A trombonist in Miles Davis’ Birth of the Cool band, memoirist whose The Parisian Jazz Chronicles set a standard for wit and candor in self-examination, and writer for the International Herald Tribune and Bloomberg News, Mike Zwerin died April 2 in Paris, where he’d lived since 1969. Recipient in 2009 of the Jazz Journalists Association’s Lifetime Achievement in Jazz Journalism Award, Mike was an inspiration ever since I read his reports from the jazz scene in the Village Voice in the 1960s, and I’m glad to say I got to know him as a friend.
Zwerin typically brought a light but penetrating touch to portraits, interviews and reviews he penned as a journalist covering mostly American vernacular artists but really whoever he was sent to hear (except what he called “serious music”) from his enviable post in the most sophisticated of European capitals. He was interested in everybody from Astor Piazzolla to Stevie Wonder, never pulled rank or pretense, and had such explicit jazz ways that, as he wrote in the preface to The Parisian Jazz Chronicles (published by Yale University Press in 2005, which I suggested he title “The International Herald Trombone”) —
I have overdubbed the book’s subjects . . . with “improvisations” consisting of interludes, modulations, tangents, introductions, codas, the running of changes, and shock-cuts leading to images of sex, drugs, and rock ‘n’ roll. . .
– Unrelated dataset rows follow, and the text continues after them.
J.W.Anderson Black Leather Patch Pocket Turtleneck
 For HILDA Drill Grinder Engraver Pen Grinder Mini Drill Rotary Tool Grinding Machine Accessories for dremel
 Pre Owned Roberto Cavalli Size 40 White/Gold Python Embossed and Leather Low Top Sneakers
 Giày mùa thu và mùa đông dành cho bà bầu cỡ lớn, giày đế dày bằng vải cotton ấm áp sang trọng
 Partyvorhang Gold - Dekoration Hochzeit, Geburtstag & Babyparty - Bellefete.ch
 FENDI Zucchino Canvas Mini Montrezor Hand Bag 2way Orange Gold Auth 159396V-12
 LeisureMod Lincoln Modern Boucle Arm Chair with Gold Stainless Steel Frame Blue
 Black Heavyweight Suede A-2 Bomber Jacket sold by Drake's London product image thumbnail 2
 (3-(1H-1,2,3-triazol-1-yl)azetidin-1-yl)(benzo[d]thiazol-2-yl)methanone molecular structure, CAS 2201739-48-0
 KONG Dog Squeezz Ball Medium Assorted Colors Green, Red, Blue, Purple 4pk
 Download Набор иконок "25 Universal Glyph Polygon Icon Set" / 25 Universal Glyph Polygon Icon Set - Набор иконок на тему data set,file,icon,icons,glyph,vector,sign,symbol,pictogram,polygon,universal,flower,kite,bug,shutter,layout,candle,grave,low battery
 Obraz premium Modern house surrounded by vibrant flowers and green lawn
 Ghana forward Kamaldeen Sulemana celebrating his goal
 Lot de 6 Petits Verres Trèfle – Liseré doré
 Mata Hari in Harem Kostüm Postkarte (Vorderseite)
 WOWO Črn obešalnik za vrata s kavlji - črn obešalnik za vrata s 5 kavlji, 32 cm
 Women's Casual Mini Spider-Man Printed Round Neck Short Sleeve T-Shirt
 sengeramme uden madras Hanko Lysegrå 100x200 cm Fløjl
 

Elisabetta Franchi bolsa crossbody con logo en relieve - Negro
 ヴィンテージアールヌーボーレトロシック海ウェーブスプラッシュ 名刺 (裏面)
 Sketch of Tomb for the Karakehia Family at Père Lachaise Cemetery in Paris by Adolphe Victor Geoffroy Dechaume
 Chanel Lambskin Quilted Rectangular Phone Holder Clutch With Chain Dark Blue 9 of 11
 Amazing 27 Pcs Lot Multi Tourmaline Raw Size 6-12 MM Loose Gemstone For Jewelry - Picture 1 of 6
Mike [as he used the 3rd person to get a little distance] is a misfit, addicted to margins, a dreamer, something of a jerk, innocent in the ways of the world. Although he traveled widely, learned a lot, and had good luck along the way, he was the type of person who always expected worse-case scenarios=. He could not find meaning in a life without drugs. Our heartwarming story is about Mike’s heroic, uphill, ultimately victorious battle for sobriety and fulfillment.
It’s gratifying Zwerin felt he was “ultimately victorious.” He was very proud of his son Ben, a bassist who picked up his dad’s Lifetime Achievement Award (presented by Mike’s pal Rafi Zabor, author of The Bear Comes Home) at the Jazz Standard last June. I was sorry he couldn’t be there, but his illness made travel problematic.